Within the streaming paradigm, separate out event movement and federation from long-term persistence and event sourcing use cases. This actually simplifies the problem of real-time data event streaming, thus enabling the organization to quickly begin to recognize the ROI of event streaming by getting some quick wins, Schabowsky said.
IT and OT disconnect
IT teams and operational technology (OT) teams typically operate in different worlds. But many types of real-time data streams, particularly those originating from IoT devices, have different characteristics than what IT teams may be familiar with. This data can run at different frequencies and produce a wide variety of data sets in just as many formats, including audio, video, heat and vibration, said Ramya Ravichandar, vice president of product management at FogHorn Systems, an edge computing platform.
To drive successful real-time data streaming deployments for these use cases, IT and OT teams must work together to connect the value of the business use case to the application. OT staff members have a deep domain knowledge, which can range from knowing what sounds a failing machine makes to how various machine functions correlate to one another, according to Ravichandar.
"This expertise is the missing link to provide context and clarity to the vast amount of data points produced by machines and sensors," Ravichandar said.
New development paradigm
Real-time data streaming involves not just a new infrastructure, but a new development paradigm as well, said Karthik Ramasamy, co-founder and CEO of Streamlio, a real-time processing platform. This not only affects infrastructure, but also data engineers and developers, making it more complex than just swapping out a layer of infrastructure.

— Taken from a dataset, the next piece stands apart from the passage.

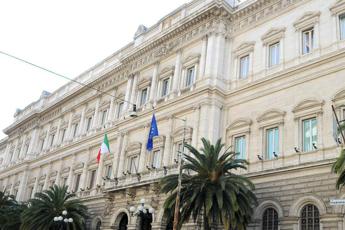 Tomorrow for final considerations Governor of the Bank of Italy Visco will be back in attendance after 3 years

"To reduce that challenge, it is important that organizations avoid choosing a large rip-and-replace project as their first real-time streaming use case," Ramasamy said. Instead, he said to choose a smaller project so that existing infrastructure and programs do not need to be refactored and replaced. In addition, he suggested IT teams look for technologies that use simpler and more familiar interfaces and paradigms rather than new and unfamiliar ones.
Difficulty predicting processing time
"More often than not, the input data does not exactly meet our expectations, and it can be hard to predict how aggregating it will behave," said Liran Haimovitch, co-founder and CTO of Rookout, a debugging tools vendor.
Unlike batch processing, it's not practical for IT teams to just rerun the job until they find a bug in the processing pipeline. Because it's streaming in real time, any bugs encountered in data processing will generate incorrect results.
The distributed and ephemeral state of streaming data processing platforms also hinders standard debugging techniques. Testing won't catch every type of unexpected data, but new, more modern debugging and observability techniques and tools can help mitigate the issue.